David Wright understands why Mets couldn't wait on him any longer

David Wright understands why Mets couldn't wait on him any longer

PORT ST. LUCIE — It sounds as if David Wright finally has come to the realization — and to grips with — the likelihood that the end is near.

Wright spoke for the first time this spring at Mets camp on Saturday, and while he admirably refuses to give up on his multi-year quest to make it back to the field following multiple surgeries, the hobbled captain fully understands why the organization signed Todd Frazier as a more permanent replacement at third base this offseason.

He also understands why the Mets simply and clearly could not wait for him any longer.

“I’m going to give it my best shot, certainly. I probably have a lot of the same questions that you’re asking me, and a lot of people are asking of me. Because I just don’t know,” Wright said when asked in the home dugout at First Data Field how realistic he believes a return this season would be for him. “It’s certainly been an uphill climb for me, so I guess to honestly answer your question, I don’t know.
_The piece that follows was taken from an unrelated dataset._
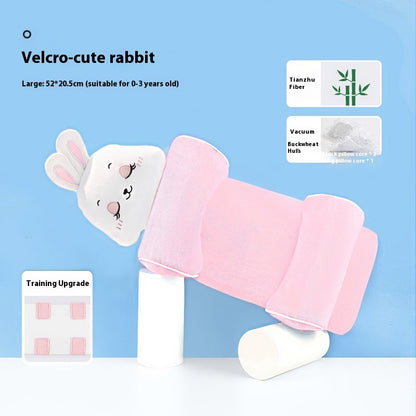 Baby Head Shaping Pillow 0-1 Year | Xiaomi Buckwheat Filling | Deformational Head Correction for Newborns | Breathable Anti-Rollover Infant Sleep Positioner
I’m not sure what the expectation is.

“I’d love to play again, but my body’s got to hold up and it’s gonna have to cooperate with me a little bit.”

Wright’s body has gone through more pain and trouble in the past few seasons than any pro athlete should have to endure, from the spinal stenosis that first was diagnosed in 2015 to the neck, back and shoulder surgeries the seven-time All-Star third baseman has undergone over the past two lost years of his career.

“Certainly, (it’s been) very frustrating,” the 35-year-old Wright said. “When you’re used to doing something your entire life, and it’s kind of taken away from you, it’s definitely frustrating.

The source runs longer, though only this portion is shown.